(Hallandale, Floride) Alors que Guy Nantel était dans un congrès du Comité national des jeunes du Parti québécois (CNJPQ) samedi dernier, il était deux jours plus tard en Floride pour le premier de trois spectacles au Club Tropical d’Hallandale. La Presse a assisté à la représentation de mardi.

La religion. Les immigrants. La laïcité. La souveraineté. Tous des thèmes qu’il faut aborder en tournant la langue sept fois dans sa bouche avant de parler quand on est politicien.

À le voir présenter son spectacle Nos droits et libertés au Club Tropical d’Hallandale, mardi, en Floride, difficile de croire que Guy Nantel a fait le saut en politique comme candidat à la chefferie du Parti québécois.

Bien que Guy Nantel défende haut et fort dans son dernier spectacle le droit « de pouvoir faire des jokes » et de créer des malaises, nous sommes épatée de voir que le public rit de ses blagues de « cuisses qui se frottent », de Québécois « pas de colonne » avec leurs valeurs et de « femmes déguisées en girafe ». Si jamais il devait y avoir un référendum sur la souveraineté du Québec, « vous ne serez plus là ! » lance-t-il à la foule assez âgée.
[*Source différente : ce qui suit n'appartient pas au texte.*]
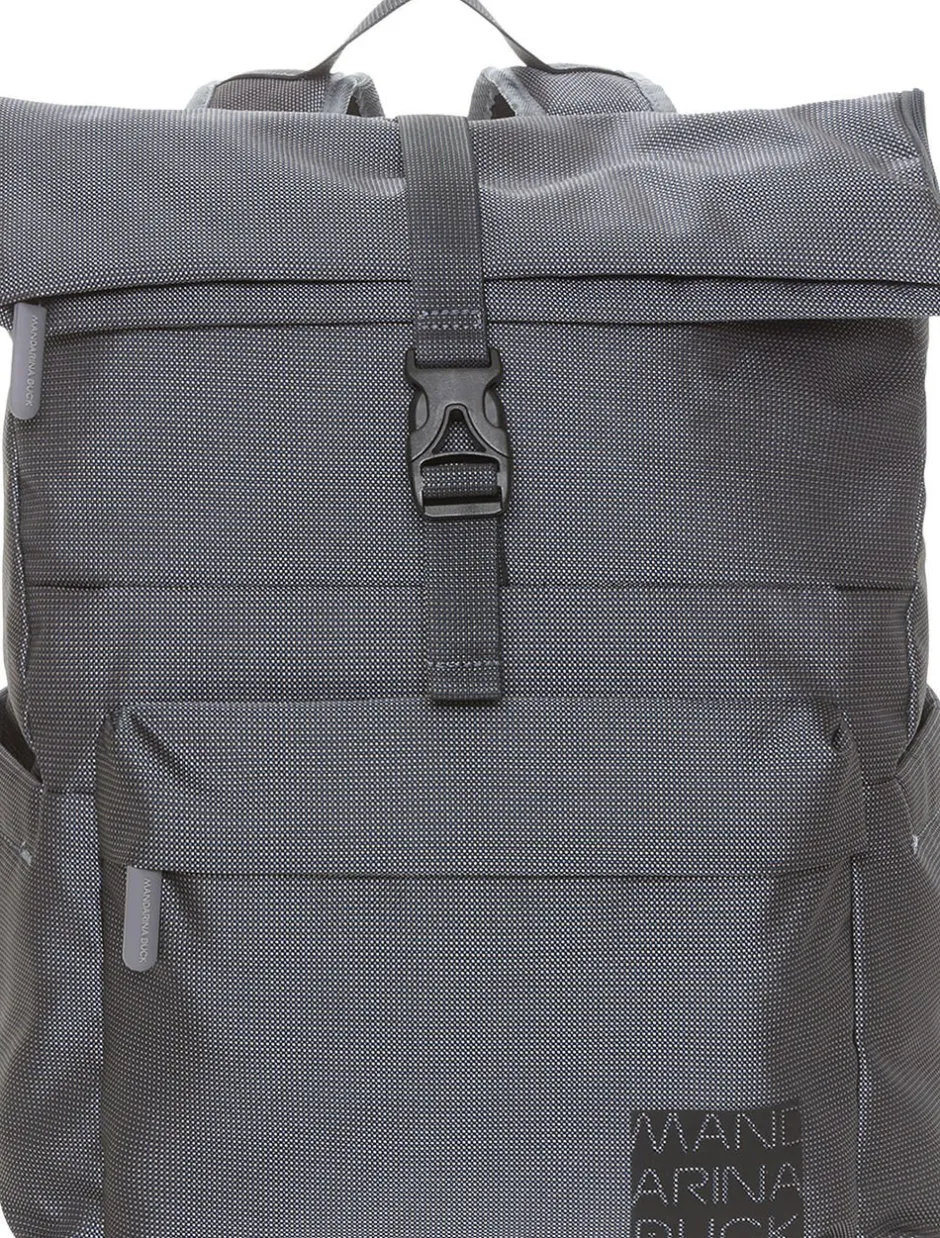 Mandarina Duck Rygsække>DISTRICT BACKPACK /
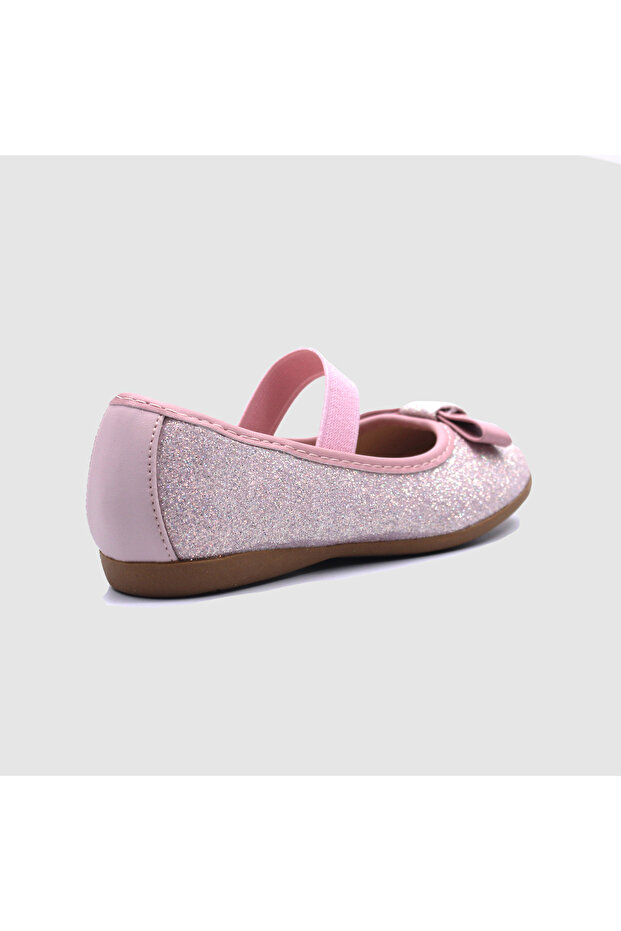 D' Daniela - Gleam & Glow Bow Flats - 5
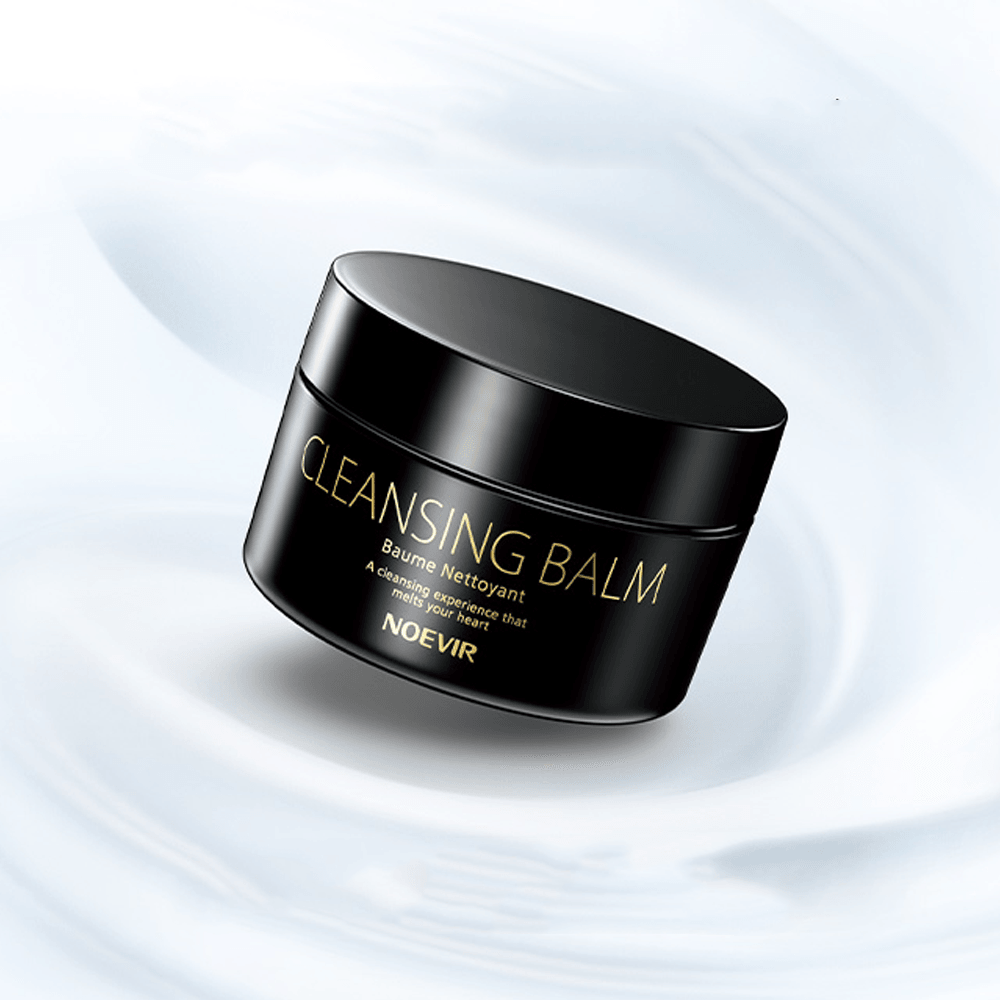 Noevir Cleansing Makeup Remover Balm 100g - Yami.com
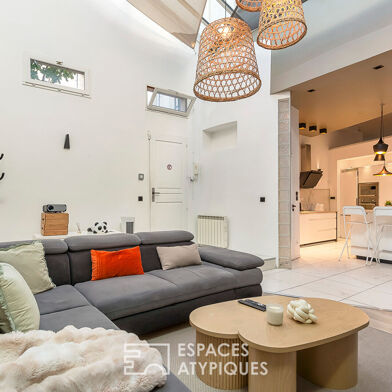 Appartement 4 pièces 329000 €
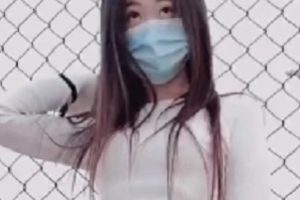 清纯网红《浅笑心柔》秘书剧情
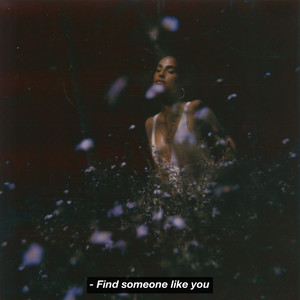 Find Someone Like You (Explicit)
S’il y avait quelques visages coincés dans la salle du Club Tropical, l’ironie de Guy Nantel – et son personnage de scène – passait très bien.

« Il n’est pas méchant, nous a dit à l’entracte Denise Dumont, notre voisine de la table H, qui est venue au spectacle avec plusieurs résidants de sa communauté d’Hawaiian Gardens, située à Lauderdale Lakes. Son humour est intelligent. »

À l’inverse, l’habituée du Club Tropical n’a pas du tout apprécié l’humour de Peter MacLeod, qui se produisait au Club Tropical en janvier dernier. « Il est insultant et vulgaire envers les femmes. »

« Indépendant »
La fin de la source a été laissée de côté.